Afgelopen weekend bezocht ik de examenexpositie van de Groningse kunstacademie Minerva. Ik bezoek al zo’n 20 jaar regelmatig examenexposities en tot nu toe kwam ik daar meestal teleurgesteld uit. Er was bijna nooit werk bij waar ik langere tijd naar wilde kijken, waarvan ik echt onder de indruk was.
Ook als ik mijn best deed om mijn eigen smaak uit te schakelen en zo neutraal mogelijk te kijken, waren er weinig aantrekkelijke beelden bij. Het leek wel of ‘mooi’ taboe was bij studenten, net als ‘realistisch’. Er was vaak een hoog gehalte aan ‘dat kan mijn neefje van 3 ook’, je kent het vast.
Eerlijk is eerlijk, ik ging ook naar deze ‘Graduation Show’ (heel hip alles in het Engels) omdat hij werd gehouden in een geweldige oude strokartonfabriek in Scheemda, en dat is voor mij op fietsafstand. Lekker zonnetje, mooi tochtje, en ik wilde dat intrigerende gebouw graag eens van binnen zien. Dus ook al zou er niets bij zijn dat de moeite waard was, dan was dat al winst.
Maar ik was echt aangenaam verrast!
Bij enkele afgestudeerden zag ik nog werk waarvan ik niet zeker wist of het nou hun examenwerk was of de opgestapelde troep van de strokartonfabriek (is het kunst of mag het weg?), maar het meeste werk kon ik echt waarderen.

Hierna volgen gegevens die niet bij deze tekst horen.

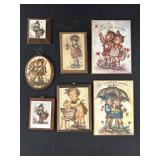 7 Hummel Style Illustration Wooden Plaques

De presentatie van Judith Knol vond ik echt verrassend: een platte vitrinekast (waar je van bovenaf in kon kijken), met nonchalant daarin hele bergen kleine schilderwerken, waarvan ik op het eerste oog dacht dat het oude foto’s waren, maar het waren stuk voor stuk super gedetailleerd geschilderde alledaagse tafereeltjes (instagram @juuduud). Maar er waren veel meer startende kunstenaars van wie ik zó werk in huis zou willen hebben. Als je het leuk vindt: een overzicht staat op https://www.academieminerva.nl/nl/exposities/6101/future.
Kennelijk mag het weer: kunst maken die er gewoon aantrekkelijk uitziet! Ik was dus dubbel blij: een mooi gebouw én een mooie expositie. Na lange tijd is het kennelijk ook tot academies doorgedrongen dat niemand kunst wil kopen die eruit ziet of het in de prullenbak thuishoort. Top!
Wat me wel opviel, was dat er aardig wat jonge kunstenaars nogal depressief werk maakten. Geen idee of ze zelf ongelukkig waren, maar hun werk zag er soms erg treurig uit. Ik hoop niet dat dat een nieuwe trend onder kunststudenten wordt.
Dus vooral goed nieuws: kunst mag er weer gewoon ‘mooi’ uitzien en knap gemaakt zijn. Geen conciërge zou bij deze expo vragen of het werk de container in mag.
Dus leef je uit en voel je vrij om te maken wat jij mooi vindt.